OPERATION_ID="12312312-1231-1231-1231-123123123123*99399E995..."
az rest -m GET -u "https://management.azure.com/subscriptions/${SUBSCRIPTION_ID}/providers/Microsoft.NetworkCloud/locations/${LOCATION}/operationStatuses/${OPERATION_ID}?api-version=2022-12-12-preview"

The output is similar to the JSON struct example. When the error code is HardwareValidationThresholdFailed, then the error message contains a list of bare metal machine(s) that failed the hardware validation (for example, COMP0_SVR0_SERVER_NAME, COMP1_SVR1_SERVER_NAME). These names can be used to parse the logs for further details.

{
  "endTime": "2023-03-24T14:56:59.0510455Z",
  "error": {
    "code": "HardwareValidationThresholdFailed",
    "message": "HardwareValidationThresholdFailed error hardware validation threshold for cluster layout plan is not met for cluster $CLUSTER_NAME in namespace nc-system with listed failed devices $COMP0_SVR0_SERVER_NAME, $COMP1_SVR1_SERVER_NAME"
  },
  "id": "/subscriptions/$SUBSCRIPTION_ID/providers/Microsoft.NetworkCloud/locations/$LOCATION/operationStatuses/12312312-1231-1231-1231-123123123123*99399E995...",
  "name": "12312312-1231-1231-1231-123123123123*99399E995...",
  "resourceId": "/subscriptions/$SUBSCRIPTION_ID/resourceGroups/$CLUSTER_RESOURCE_GROUP/providers/Microsoft.NetworkCloud/clusters/$CLUSTER_NAME",
  "startTime": "2023-03-24T14:56:26.6442125Z",
  "status": "Failed"
}

See the article Tracking Asynchronous Operations Using Azure CLI for another example.

Cluster deployment validation

View the status of the cluster on the portal, or via the Azure CLI:

az networkcloud cluster show --resource-group "$CLUSTER_RG" \
  --resource-name "$CLUSTER_RESOURCE_NAME"

The Cluster deployment is in-progress when detailedStatus is set to Deploying and detailedStatusMessage shows the progress of deployment. Some examples of deployment progress shown in detailedStatusMessage are Hardware validation is in progress. (if cluster is deployed with hardware validation) ,Cluster is bootstrapping., KCP initialization in progress., Management plane deployment in progress., Cluster extension deployment in progress., waiting for "<rack-ids>" to be ready, etc.

Screenshot of Azure portal showing cluster deploy progress kcp init.

Screenshot of Azure portal showing cluster deploy progress extension application.

The Cluster deployment is complete when detailedStatus is set to Running and detailedStatusMessage shows message Cluster is up and running.

Screenshot of Azure portal showing cluster deploy complete.

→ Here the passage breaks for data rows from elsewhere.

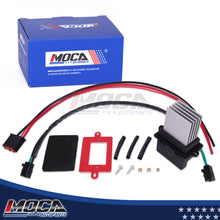 MOCA HVAC Blower Motor Resistor - BMR517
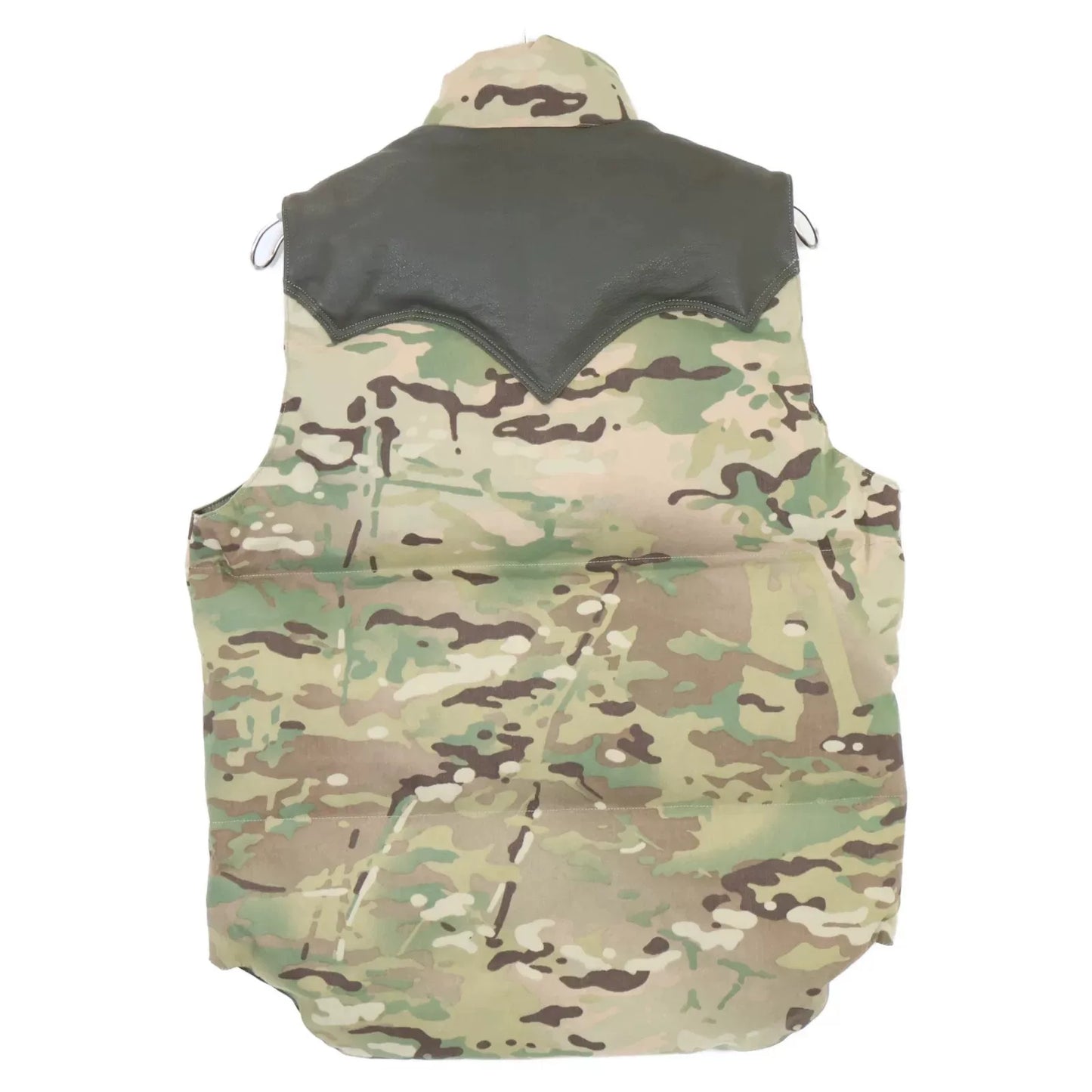 rocky mountain x beams camouflage vest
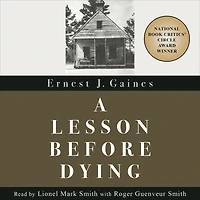 A Lesson before Dying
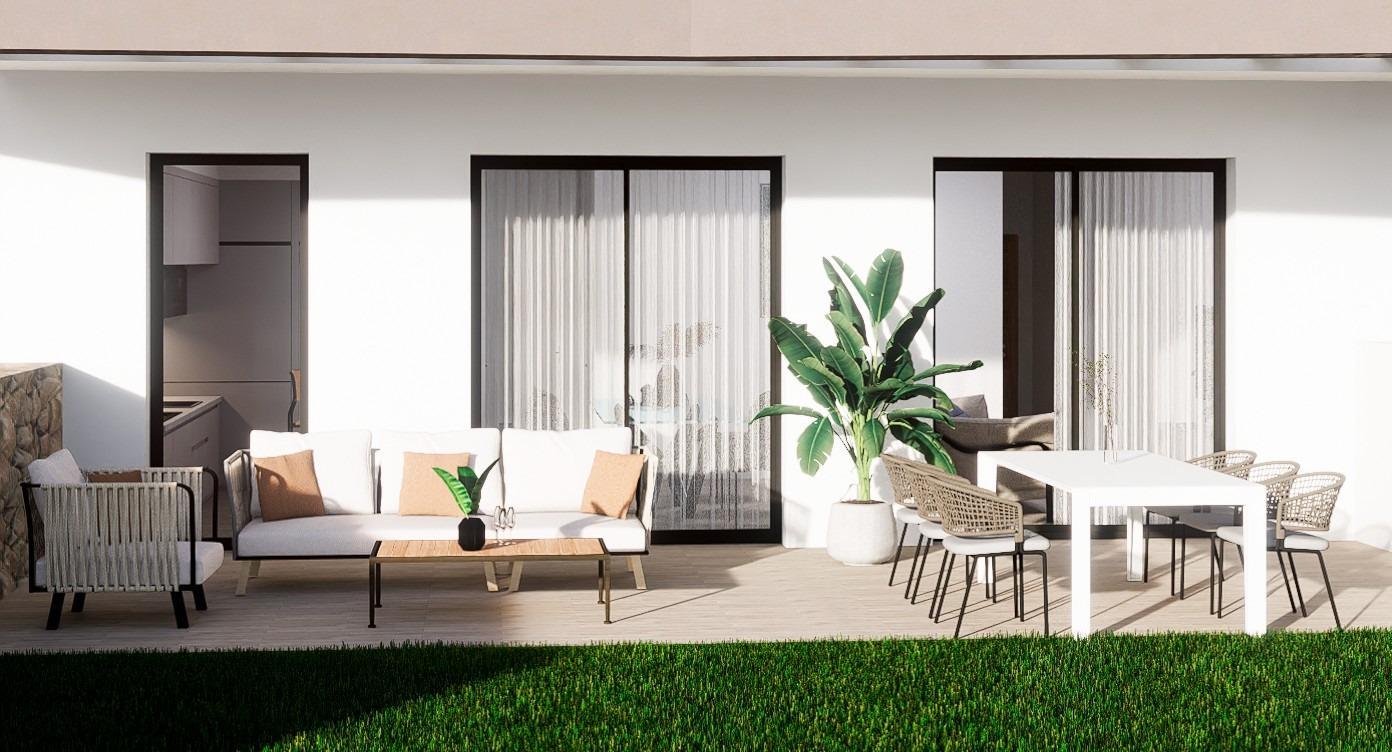 Bungalow en Venta en Finestrat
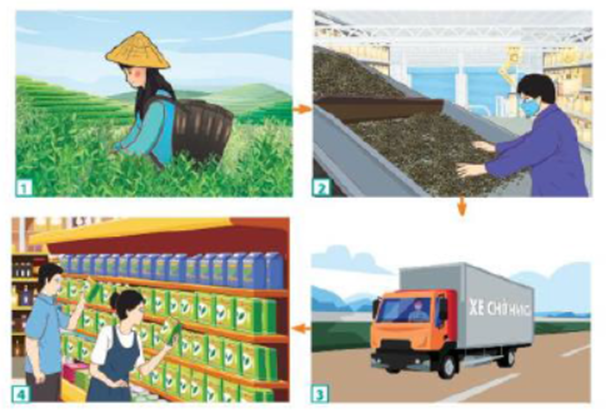 Vai trò của sản xuất kinh doanh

View the management version of the cluster:

az k8s-extension list --cluster-name <cluster> --resource-group "$MANAGED_CLUSTER_RG" --cluster-type connectedClusters --query "[?name=='nc-platform-extension'].{name:name, extensionType:extensionType, releaseNamespace:scope.cluster.releaseNamespace,provisioningState:provisioningState,version:version}" -o table --subscription "$SUBSCRIPTION_ID"

Cluster deployment Logging

Cluster create Logs can be viewed in the following locations:

  1. Azure portal Resource/ResourceGroup Activity logs.
  2. Azure CLI with --debug flag passed on command-line.

Screenshot of Azure portal showing cluster deploy progress activity log.